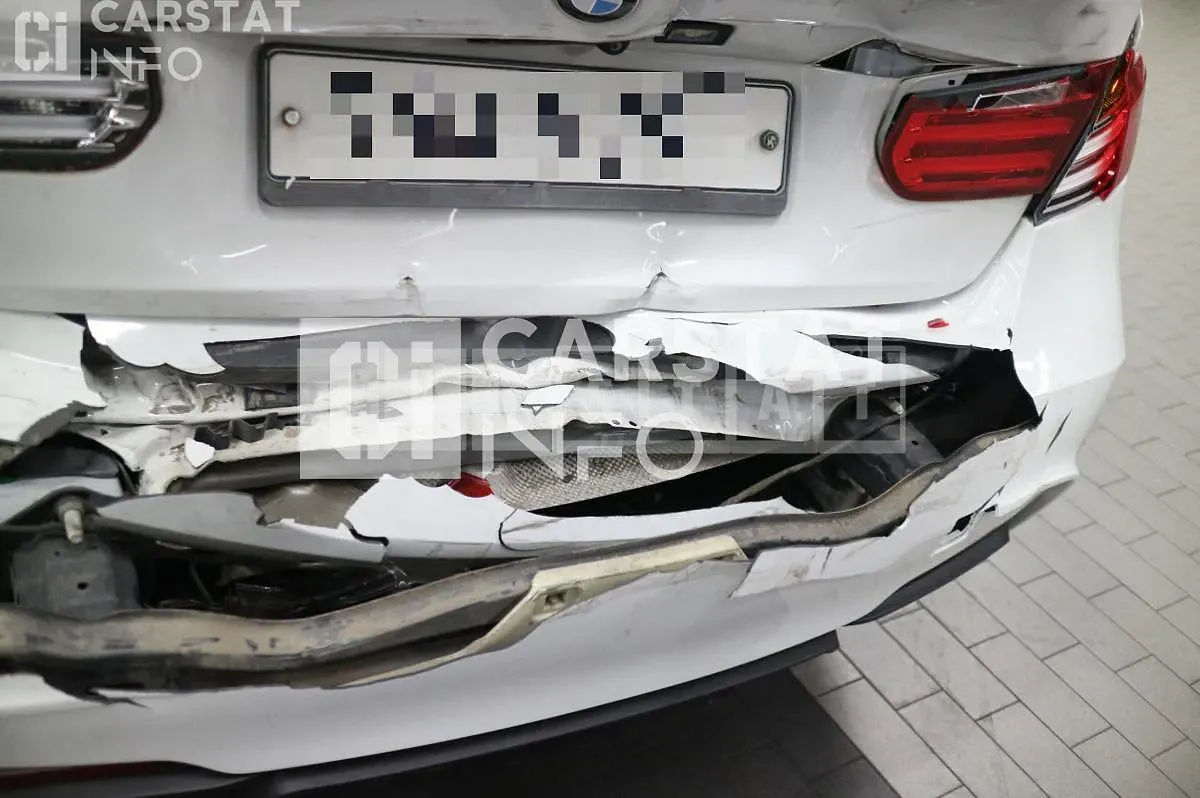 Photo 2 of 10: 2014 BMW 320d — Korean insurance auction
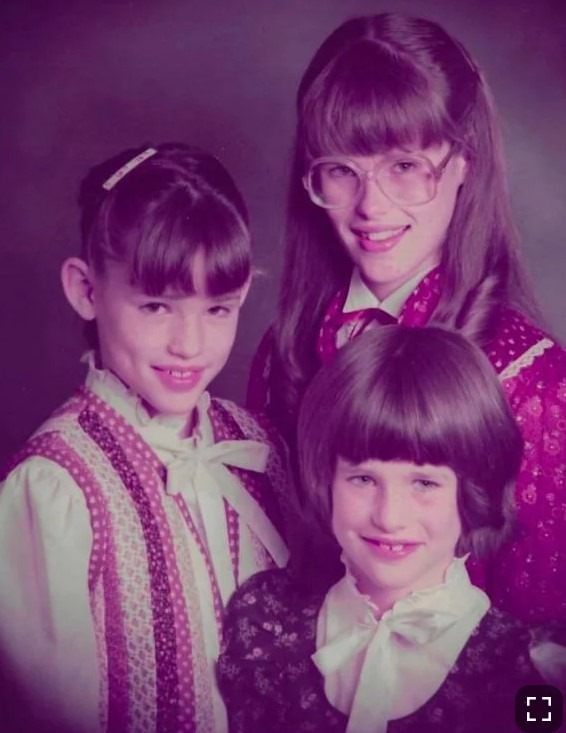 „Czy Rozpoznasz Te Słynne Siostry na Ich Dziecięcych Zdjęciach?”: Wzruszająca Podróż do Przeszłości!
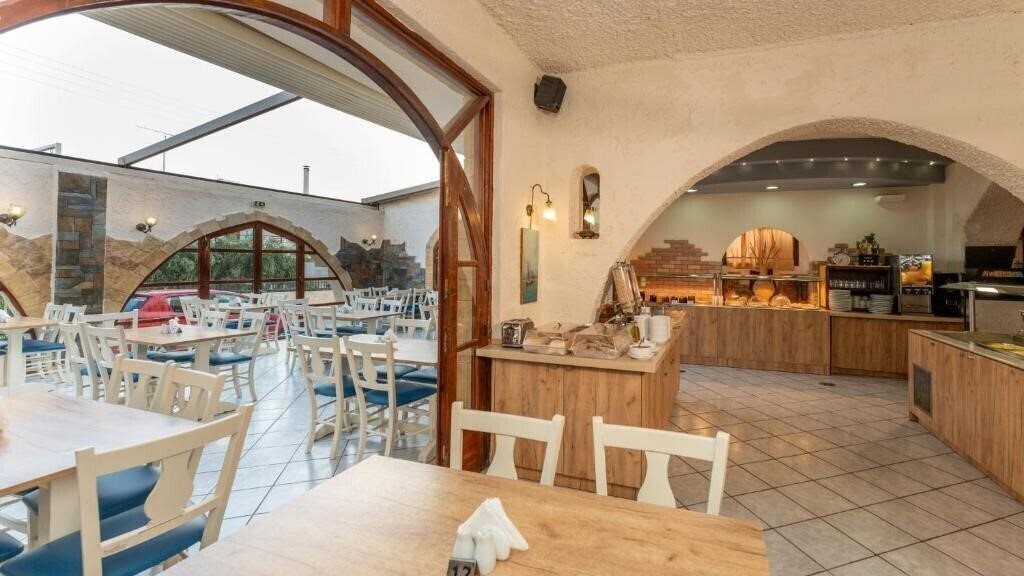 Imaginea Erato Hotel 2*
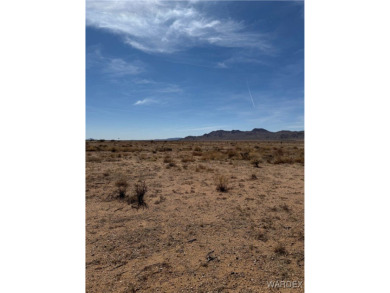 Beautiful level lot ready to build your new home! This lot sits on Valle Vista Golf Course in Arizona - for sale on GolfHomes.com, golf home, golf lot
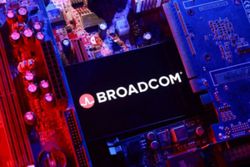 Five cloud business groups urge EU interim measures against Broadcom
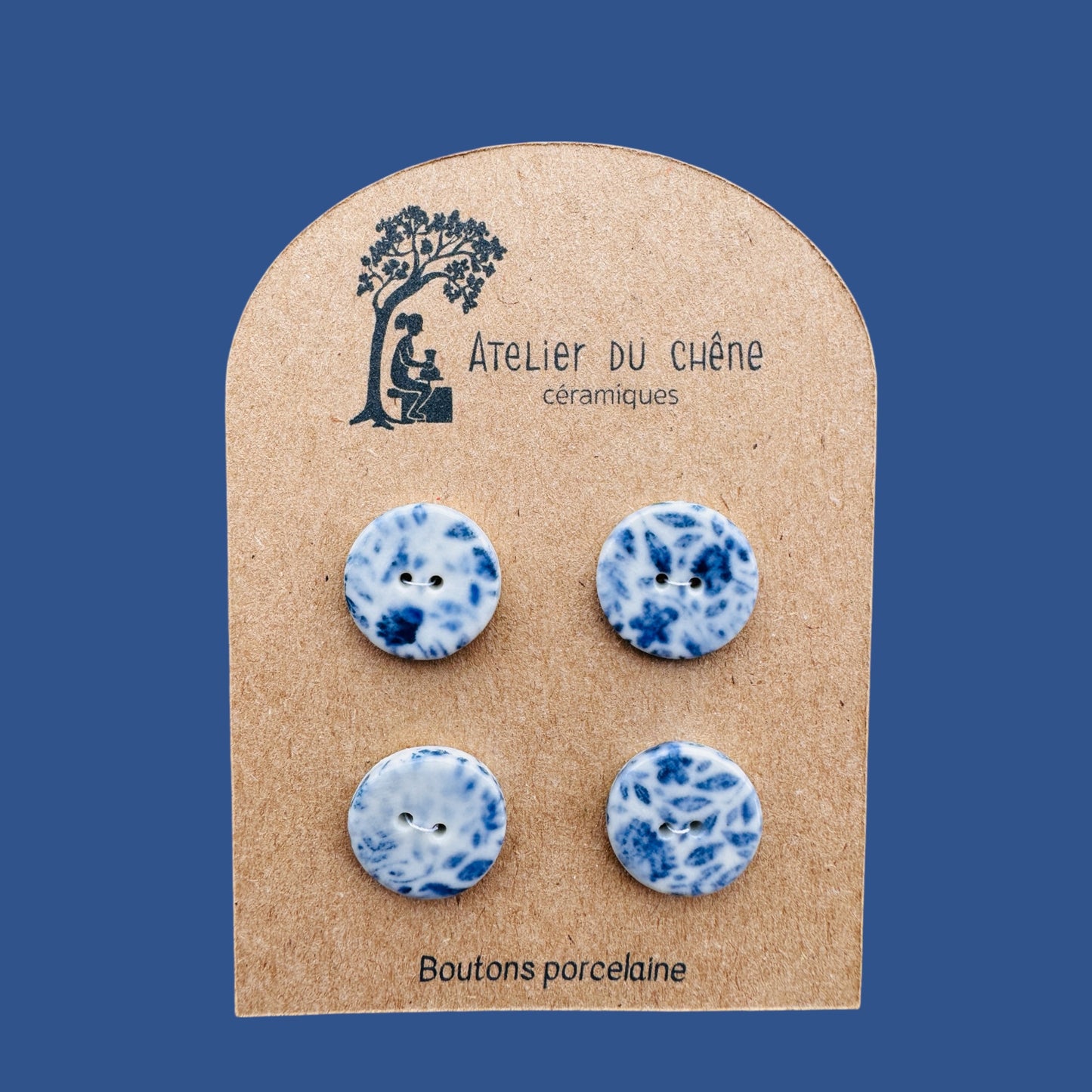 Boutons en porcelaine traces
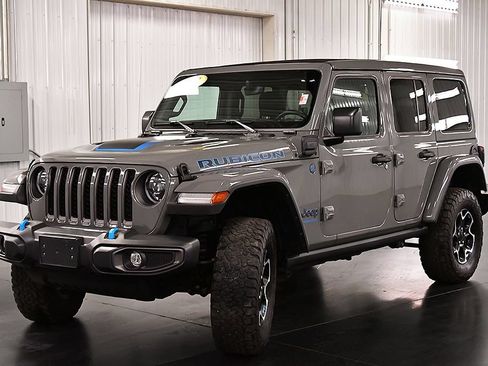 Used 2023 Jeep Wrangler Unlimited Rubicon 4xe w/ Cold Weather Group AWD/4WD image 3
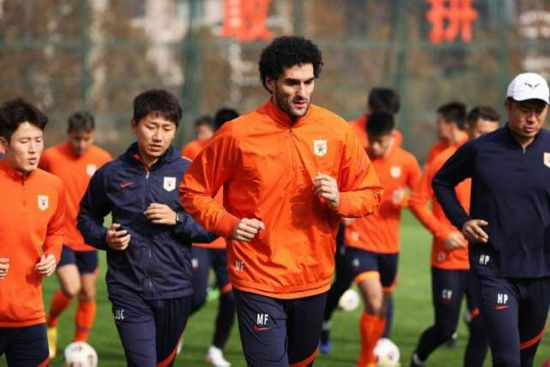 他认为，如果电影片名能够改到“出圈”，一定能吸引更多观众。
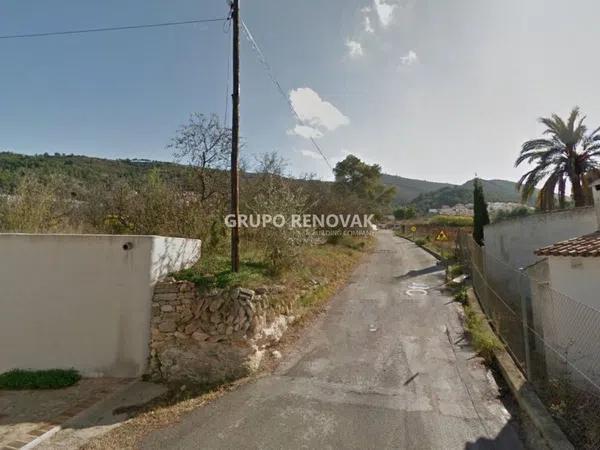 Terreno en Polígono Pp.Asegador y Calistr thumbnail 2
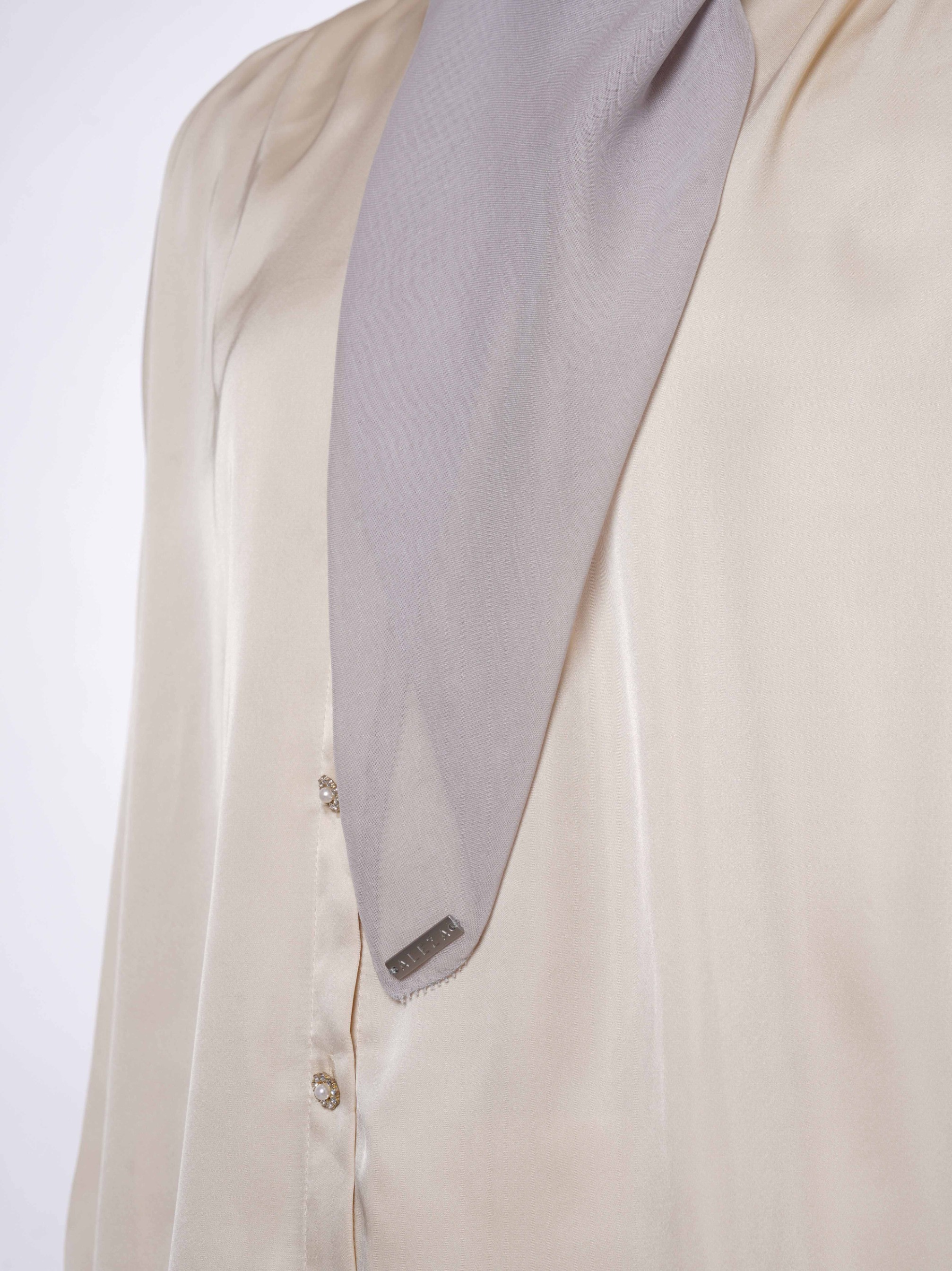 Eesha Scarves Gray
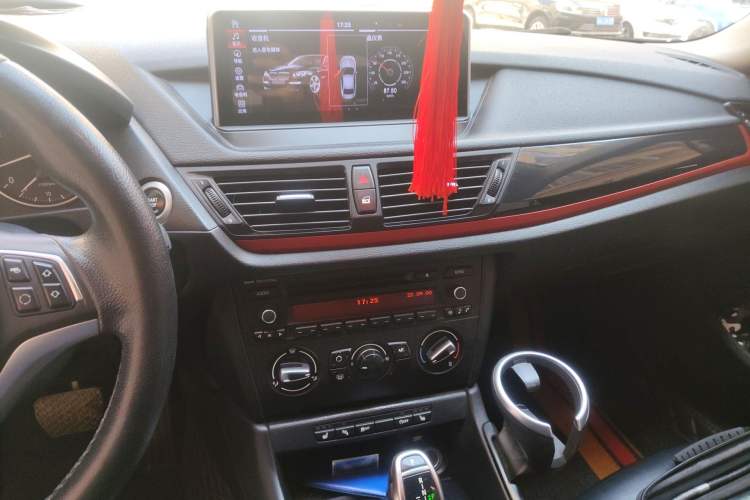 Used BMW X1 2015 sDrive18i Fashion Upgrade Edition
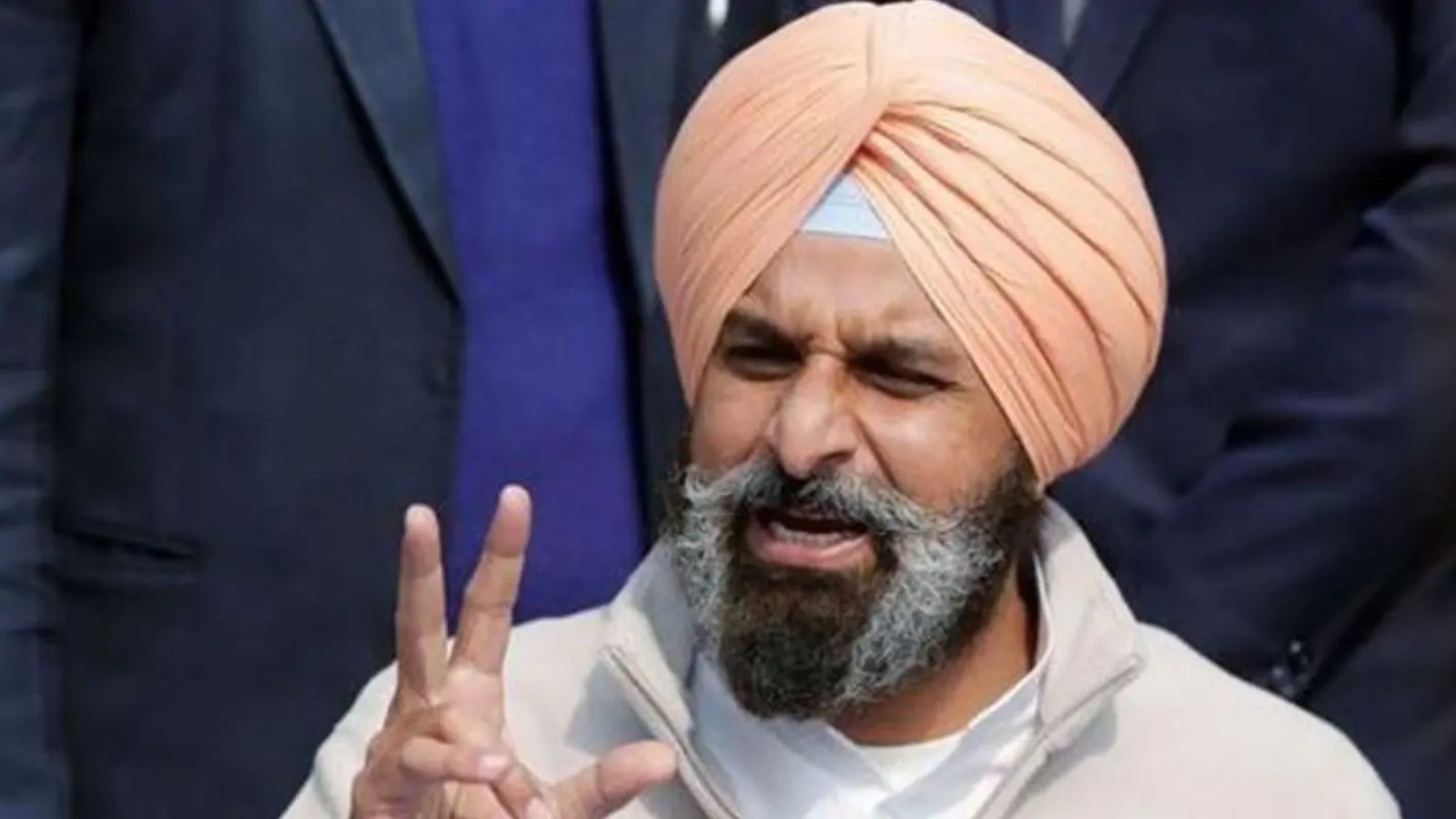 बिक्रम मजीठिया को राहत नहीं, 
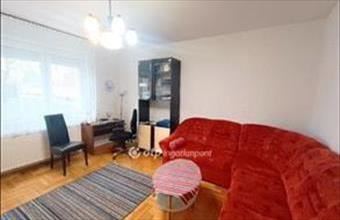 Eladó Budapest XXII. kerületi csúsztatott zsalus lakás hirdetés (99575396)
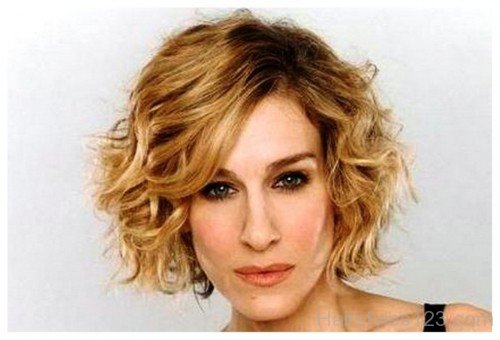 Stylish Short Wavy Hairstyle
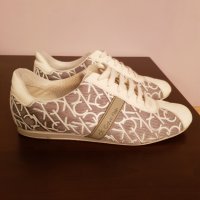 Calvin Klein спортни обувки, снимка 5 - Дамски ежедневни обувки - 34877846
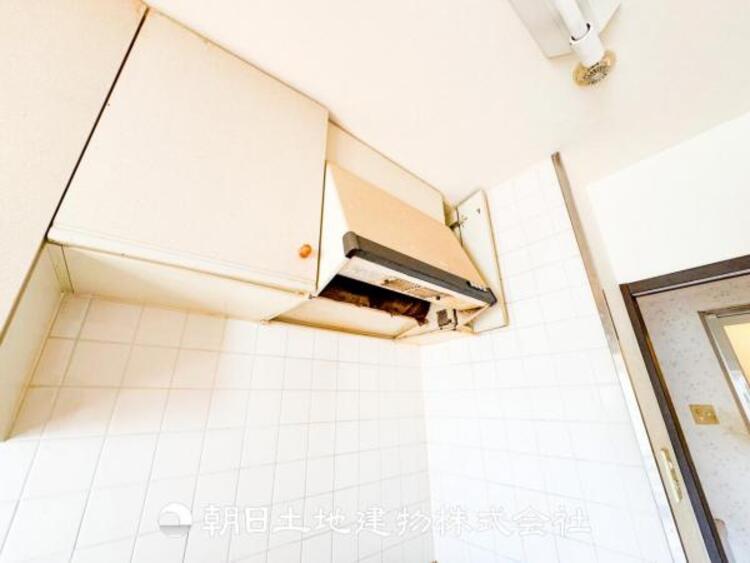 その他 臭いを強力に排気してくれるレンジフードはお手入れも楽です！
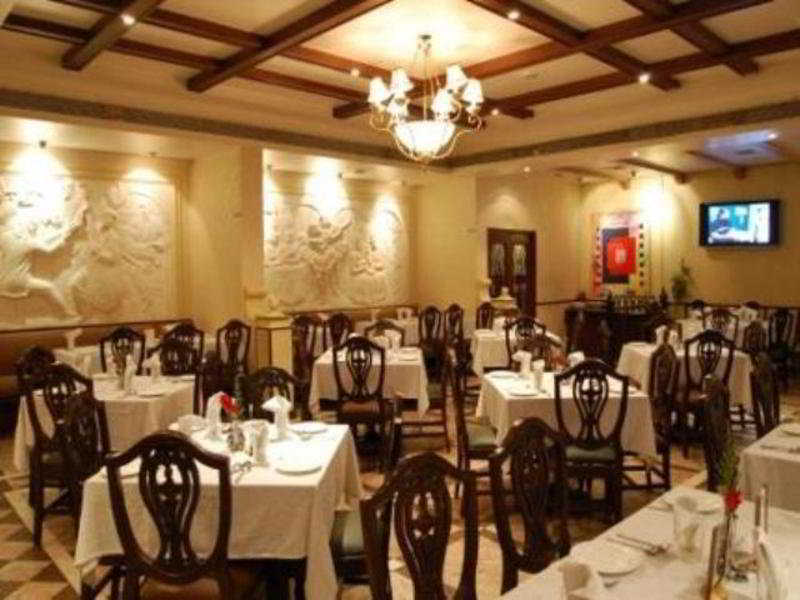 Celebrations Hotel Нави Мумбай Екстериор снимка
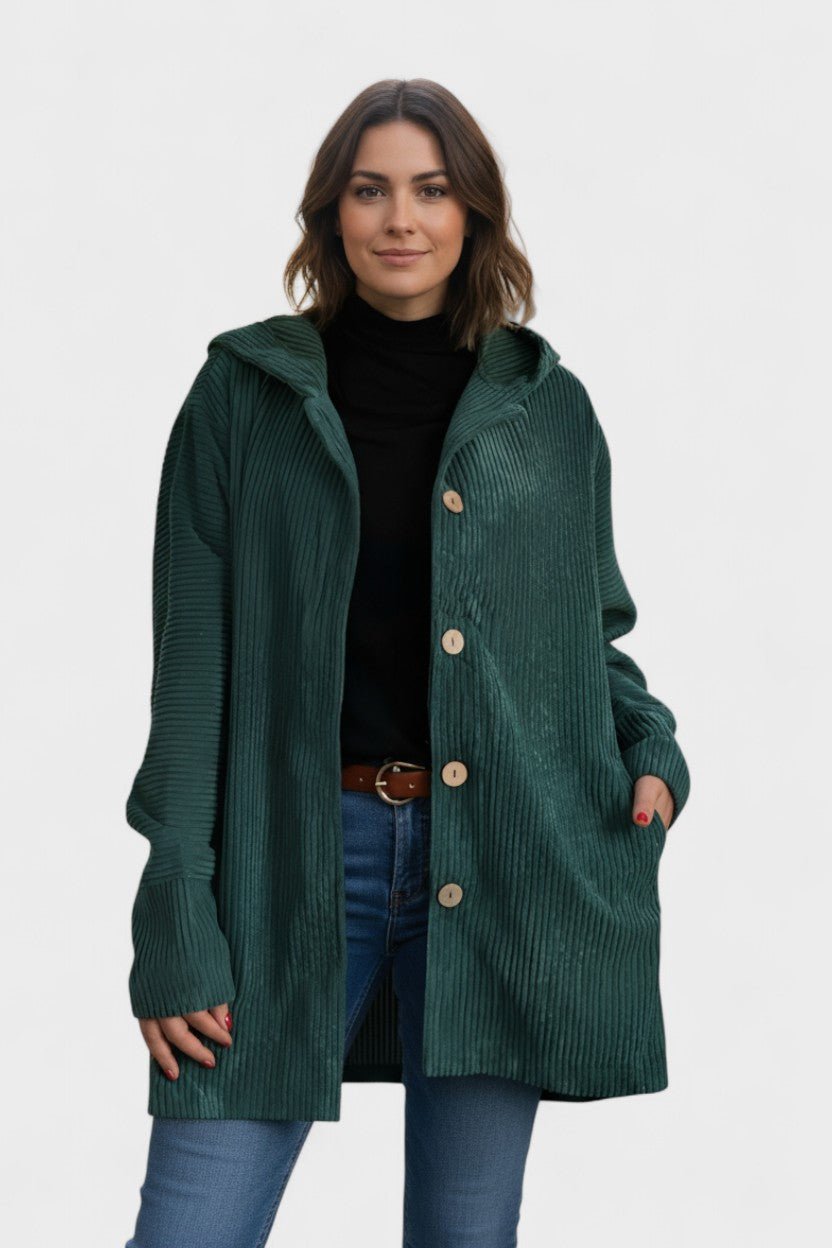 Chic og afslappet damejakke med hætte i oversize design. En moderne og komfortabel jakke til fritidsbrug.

# # # #

• **Work to be completed**: Everything in the entries above must be output again exactly, except the pictures.

• **Output of the exercise**:
 Photo 2 of 10: 2014 BMW 320d — Korean insurance auction
 „Czy Rozpoznasz Te Słynne Siostry na Ich Dziecięcych Zdjęciach?”: Wzruszająca Podróż do Przeszłości!
 Imaginea Erato Hotel 2*
 Beautiful level lot ready to build your new home! This lot sits on Valle Vista Golf Course in Arizona - for sale on GolfHomes.com, golf home, golf lot
 Five cloud business groups urge EU interim measures against Broadcom
 Boutons en porcelaine traces
 Used 2023 Jeep Wrangler Unlimited Rubicon 4xe w/ Cold Weather Group AWD/4WD image 3
 他认为，如果电影片名能够改到“出圈”，一定能吸引更多观众。
 Terreno en Polígono Pp.Asegador y Calistr thumbnail 2
 Eesha Scarves Gray
 Used BMW X1 2015 sDrive18i Fashion Upgrade Edition
 बिक्रम मजीठिया को राहत नहीं, 
 Eladó Budapest XXII. kerületi csúsztatott zsalus lakás hirdetés (99575396)
 Stylish Short Wavy Hairstyle
 Calvin Klein спортни обувки, снимка 5 - Дамски ежедневни обувки - 34877846
 その他 臭いを強力に排気してくれるレンジフードはお手入れも楽です！
 Celebrations Hotel Нави Мумбай Екстериор снимка
 Chic og afslappet damejakke med hætte i oversize design. En moderne og komfortabel jakke til fritidsbrug.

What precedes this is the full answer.